Local Government Super and Australian Super maintained AAA ratings. First State Super went from AA to AAA.
“It is very encouraging to see that Australia has not only increased its AAA showing in The Global Climate 500 Index this year, but now has six super funds rated A or higher.,” said Chief Executive of The Climate Institute, John Connor. “This year’s index sees a fifth of the world’s 500 biggest asset owners taking tangible action to mitigate climate change risk – clearly signaling that these leaders see managing climate risk as a core function in protecting their financial returns.”
However, despite the increase in asset owners taking some kind of action on climate risk, a significant number remain in denial, with almost half taking little or no action at all.
“Globally, it is clear that climate change is now moving up the investment agenda as the world’s biggest pension funds, insurers and endowments recognise they need to take action to protect the savings and financial security of millions of people,” said Chair of the AODP, Dr John Hewson. “Yet, there are still too many ignoring warnings that investors need to be stepping up action and disclosure on physical, transitional and liability climate risks – which is endangering retirement nest eggs, shareholder value and potentially even the stability of our financial system. Worldwide, 246 of the 500 appear to be ignoring climate risk completely.”
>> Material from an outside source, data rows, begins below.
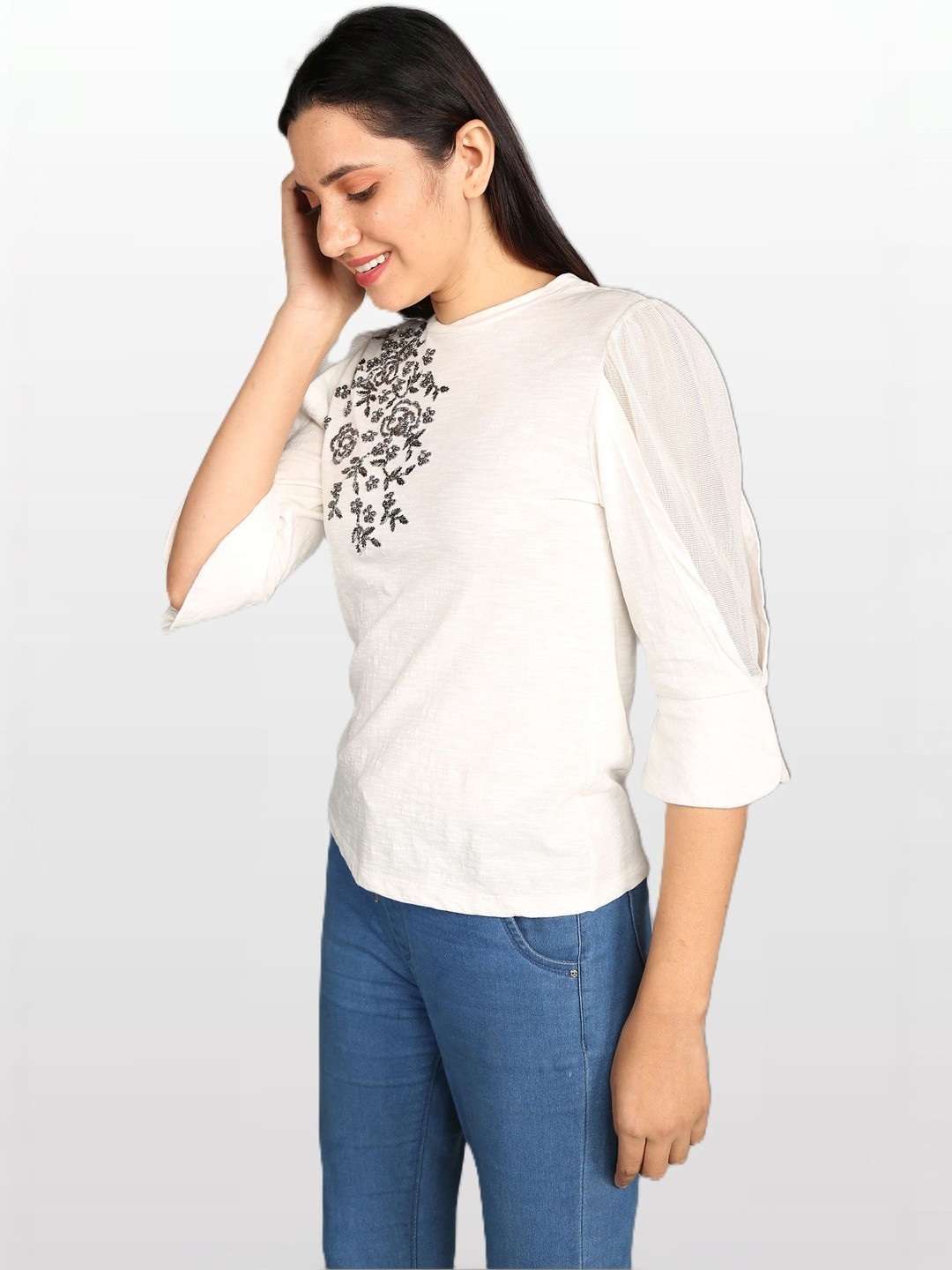 STIL O STITCH Floral Embroidered Puff Sleeve Cotton Top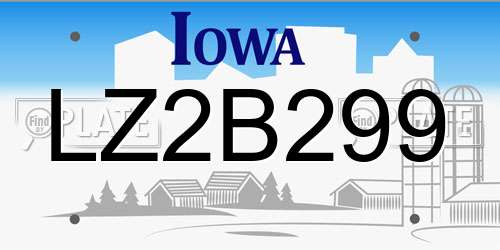 LZ2B299 Iowa License Plate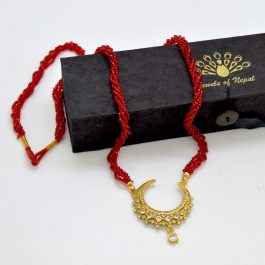 Jewels Of Nepal Gold Plated Crescent Moon Pendant Hydro Crystal Necklace / Mala For Women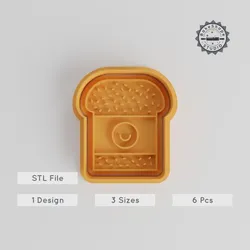 Lunch Shape Cutter & Stamp, Perfect for Cookies & Fondant, S/M/L Sizes, 6-Piece Set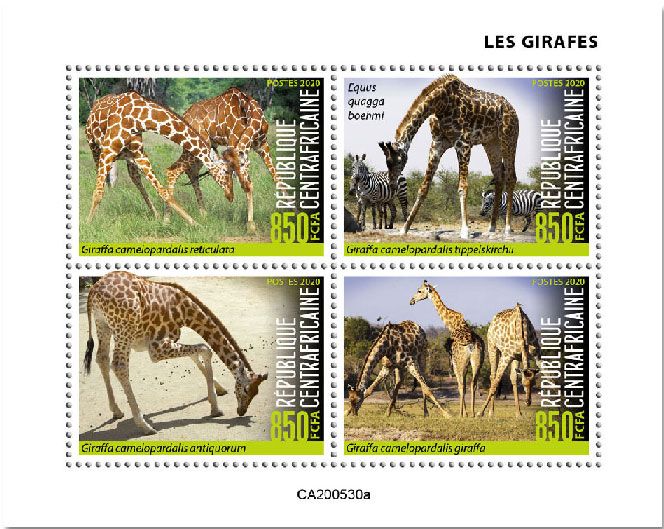 n° 7375/7378  - Timbre CENTRAFRIQUE Poste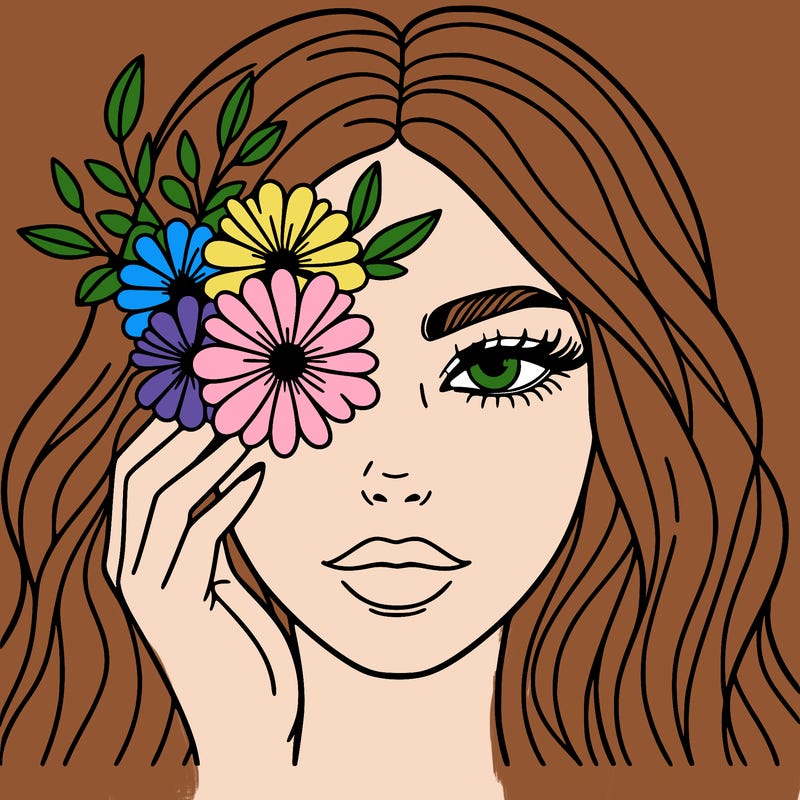 woman with flowers over her left eye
This is the fourth AODP Global Index since The Climate Institute pioneered an Australian survey in 2008. Now run by an international NGO, it rates the world's 500 biggest asset owners – pension funds, insurers, sovereign wealth funds, foundations and endowments with a total of $US37 trillion assets under management (AUM) – on their efforts at managing climate risk within their portfolios. Based on direct disclosures and publicly available information, they are graded from AAA to D, while those taking no action are rated X.
In the Country Index, Australia ranked third in the top ten with Sweden taking top place ahead of Norway, and, France, Denmark, the Netherlands, the UK, Brazil, the US and China completing the list.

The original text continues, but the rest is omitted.